Another indication of how policy is shaped can be seen in how the autumn statement proudly claims:

“These measures have been developed in collaboration with nearly 120 existing commercial enterprises – from GlaxoSmithKline, Experian and SAS UK, to Action 4 Employment and high-tech digital start-ups.”

This is far from the promised “consensus” and it appears that civil society groups are being sidelined as powerful interests hijack the open data agenda.

Some concrete proposals

Complete clarity and separation of issues in debates on public data

Open Data should not be associated with proposals to share personal data with businesses, as each policy has its own implications. The open data community needs to get a louder voice.

Wider participation in policy making

The preference for business interests is producing a skewed policy. Some spaces, such as the Transparency Board involve open data civic hackers and web technology experts, but this is clearly not enough. Input should be widened to include civil groups looking at other policy aspects, users and experts in anonymisation. It is disturbing that Patient Concern resigned from the consultation board of the NHS reforms.

Informed public debate on the limits of anonymisation

The government must stop pretending that anonymous data removes data from privacy concerns and data protection does not apply. Privacy groups need to make an effort to mainstream this issue and push the media to start challenging these claims.

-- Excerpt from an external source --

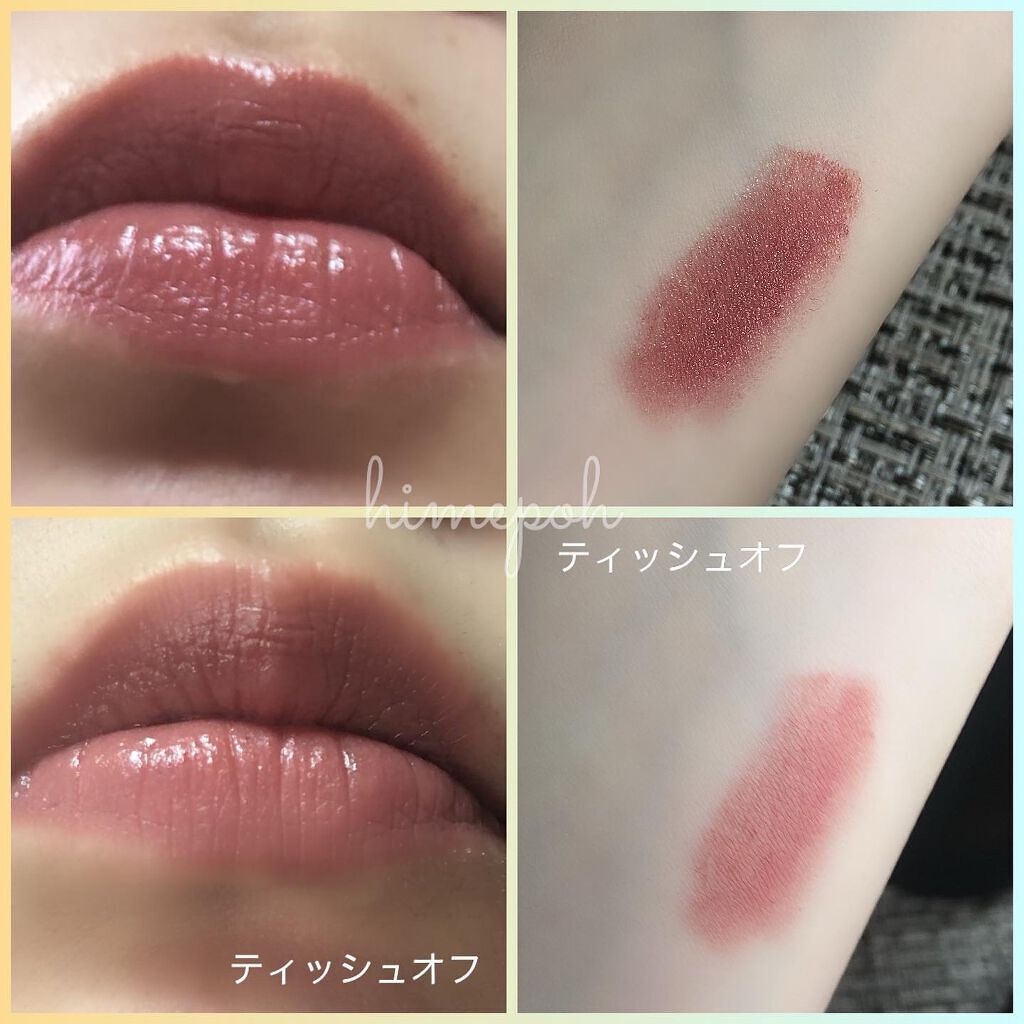 ルージュ　リップジュエル ジェミーサテン　パレスドリーム  103 rose chandelier/JILL STUART/口紅を使ったクチコミ（3枚目）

Give proper consideration to the independent privacy review

The independent review by Kieron O’Hara should not be treated as just another contribution to the consultations. Many groups and individuals spent time and energy informing the review and it does contain sensible and fairly mild recommendations.

Open peer review and responsible disclosure of anonymisation technologies

Given the impossibility to predict the vulnerabilities of applying anonymisation mechanisms to specific data the scrutiny should be possible through engaging the technical community via disclosure and open review similar to those found in other computer security areas.